Introduced under the Housing and Planning Act in a bid to increase the amount of rent paid by high-earning council tenants, councils will only get to keep a small proportion to cover admin costs, with the rest going to the Treasury.
Yet this week research for the Local Government Association found the policy would raise just a fifth of the £365m ministers have estimated it will generate. The association also warned councils did not have the time or capacity to gather and process details of tenants’ income in time for implementation in April.
Southwark LBC has called for responsibility for identifying eligible tenants to be passed to the HMRC and warned that it offers a disincentive to work: potential unintended consequence number one. Southwark also highlighted the issue of self-employed people. With affected households set to see their rent rise by an average of £1,065 a year there is a clear incentive to under-report your income: potential unintended consequence number two.
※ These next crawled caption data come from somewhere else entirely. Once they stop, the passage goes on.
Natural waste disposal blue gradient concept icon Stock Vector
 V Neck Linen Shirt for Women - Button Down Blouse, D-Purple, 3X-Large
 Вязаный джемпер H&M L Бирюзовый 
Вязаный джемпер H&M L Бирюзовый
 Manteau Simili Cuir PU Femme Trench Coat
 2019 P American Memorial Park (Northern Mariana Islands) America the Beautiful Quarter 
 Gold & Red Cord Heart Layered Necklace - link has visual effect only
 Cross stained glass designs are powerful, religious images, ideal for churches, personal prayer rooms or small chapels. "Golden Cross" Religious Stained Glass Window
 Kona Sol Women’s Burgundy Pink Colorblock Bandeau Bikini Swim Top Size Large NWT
On the face of it, the pay to stay policy sounds reasonable enough: you earn more, you pay more. Yet under the government’s definition a high-earning household is one where two people in London are working full time and earning the minimum wage; that’s hardly living the high life at the taxpayers’ expense.
There have been a few cases of high-paid, high-profile individuals living in council houses, including, infamously, the late union boss Bob Crow who remained in his North London home while drawing a salary of £145,000. In 2014 then-communities secretary Sir Eric Pickles claimed there were 5,000 tenants earning more than £100,000 a year. Yet this is such a tiny fraction of the more than 1.6 million council homes in England as to be negligible. Sledgehammers and nuts come to mind.
The truth is at this point no-one really knows how many council properties are home to households that could reasonably be considered wealthy. However, while there is a social case for mixed communities, if there were significant numbers of council households living it up while tens of thousands of families languish on housing waiting lists you can be sure councils would have noticed and be clamouring for something to be done. It’s the very worst kind of policy; one that tackles a problem that doesn’t really exist.
Pay to stay came under sustained attack in the Lords, with peers winning a concession that rents would rise by 15p for every £1 they took home over the high earning thresholds of £30,000 or £40,000 in London. This likely accounts for the difference between what the government estimated it would raise and what the LGA’s Savills research has found.
The government accepted this compromise rather than lose face by abandoning the plan. But with the complications in implementing the policy far outweighing any gain, financially or socially, the government should do the decent thing and abandon it.